=== Data section ===
---*---

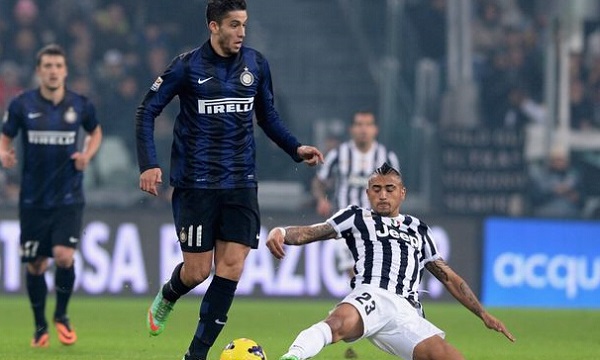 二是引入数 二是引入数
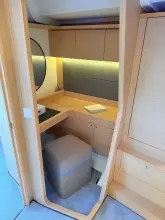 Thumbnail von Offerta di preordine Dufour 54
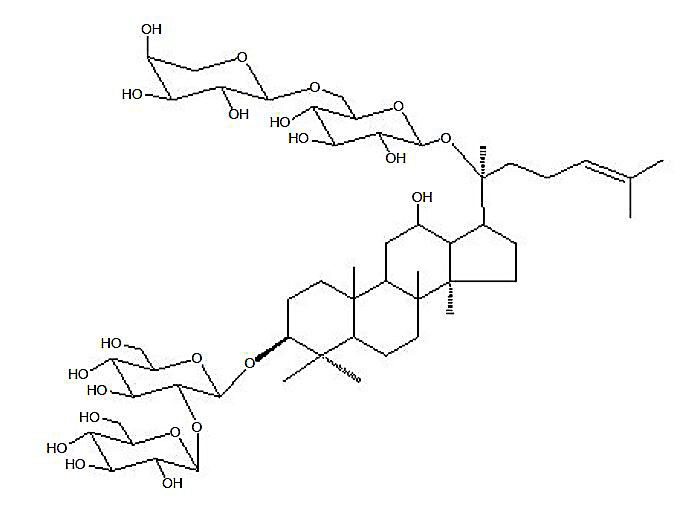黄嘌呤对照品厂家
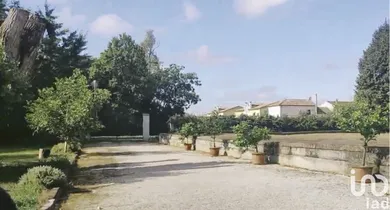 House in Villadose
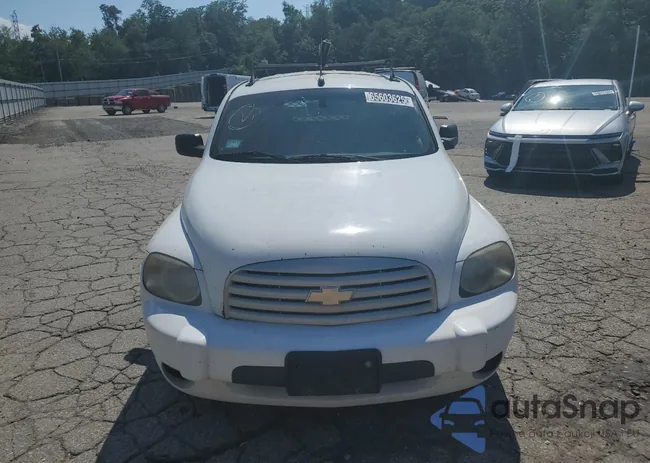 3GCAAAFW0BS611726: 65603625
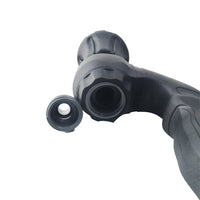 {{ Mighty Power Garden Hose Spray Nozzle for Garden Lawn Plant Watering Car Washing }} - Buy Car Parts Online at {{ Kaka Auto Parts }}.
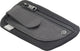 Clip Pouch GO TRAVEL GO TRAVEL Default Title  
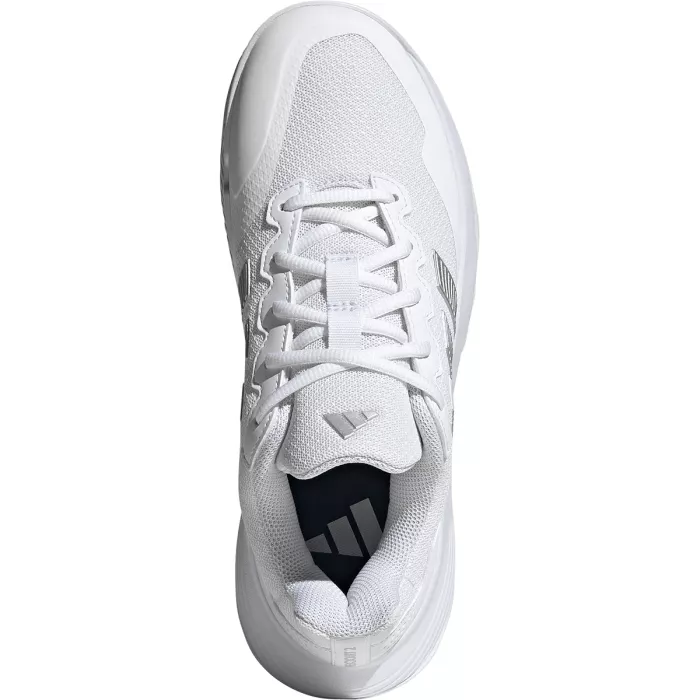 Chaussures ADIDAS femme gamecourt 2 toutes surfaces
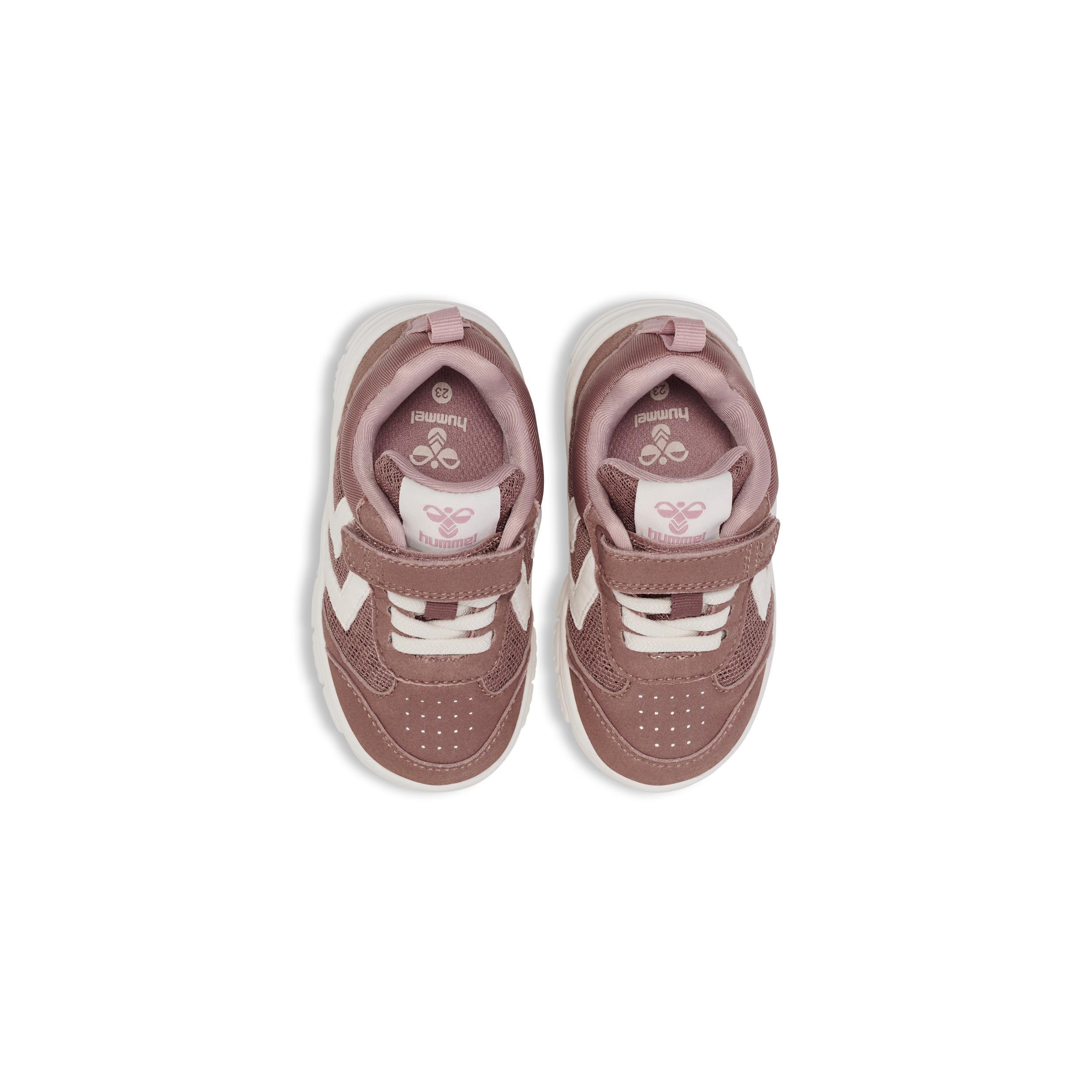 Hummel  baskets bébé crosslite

---*---

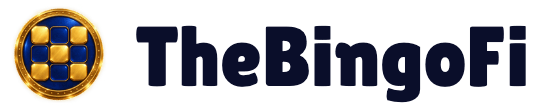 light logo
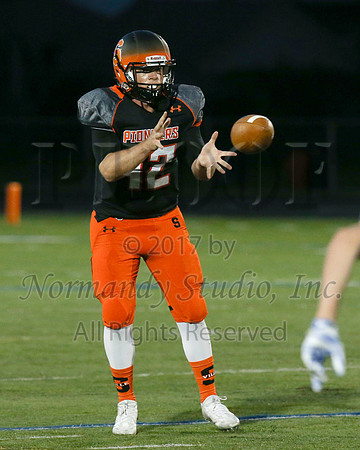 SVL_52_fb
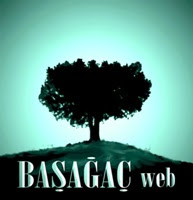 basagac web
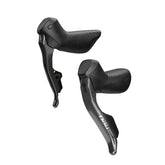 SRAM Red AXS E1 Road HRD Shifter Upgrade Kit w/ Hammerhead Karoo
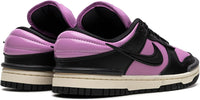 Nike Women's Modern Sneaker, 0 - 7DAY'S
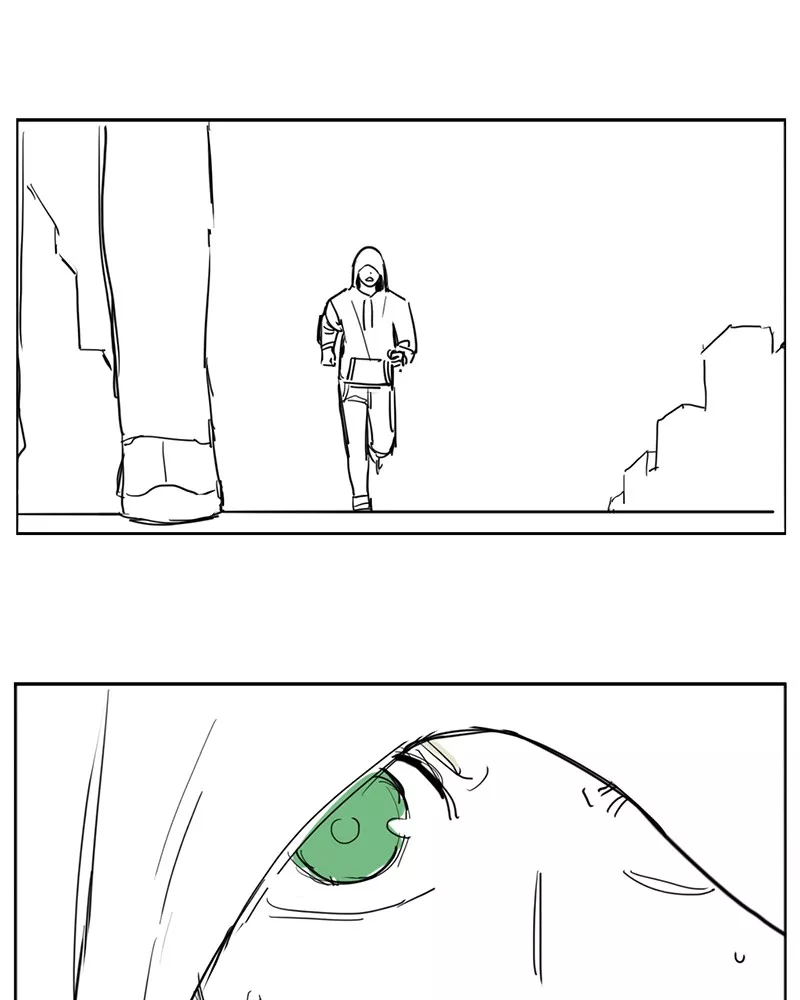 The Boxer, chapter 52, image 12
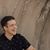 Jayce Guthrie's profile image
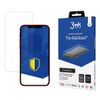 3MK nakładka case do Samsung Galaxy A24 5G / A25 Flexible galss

---*---

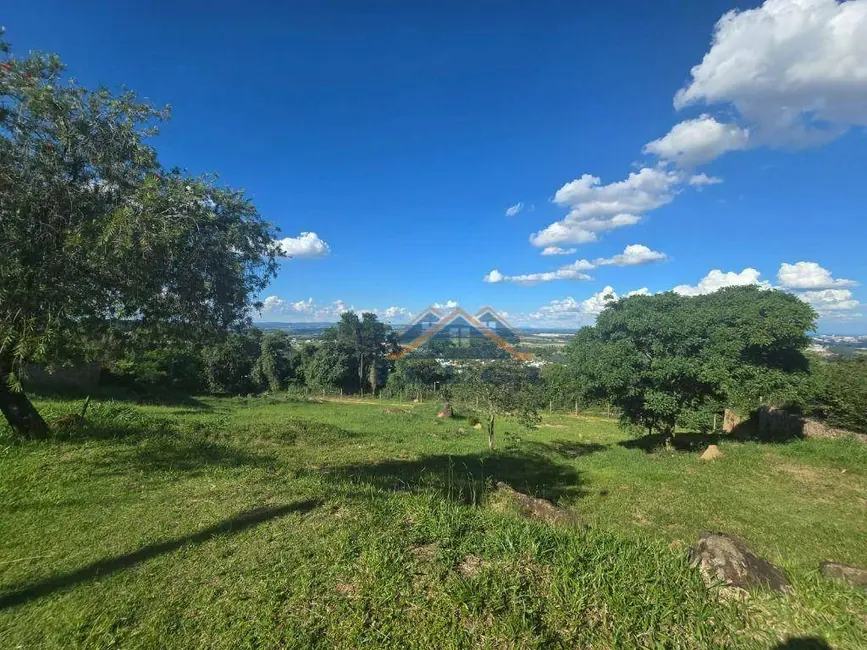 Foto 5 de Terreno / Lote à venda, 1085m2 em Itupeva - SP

---*---

=== Work required ===
Copy out the listing above from the line containing "SRAM Red AXS" to the line containing "3MK nakładka case", both included, exactly as written and minus the images.

=== Worked solution ===
 SRAM Red AXS E1 Road HRD Shifter Upgrade Kit w/ Hammerhead Karoo
 Nike Women's Modern Sneaker, 0 - 7DAY'S
 The Boxer, chapter 52, image 12
 Jayce Guthrie's profile image
 3MK nakładka case do Samsung Galaxy A24 5G / A25 Flexible galss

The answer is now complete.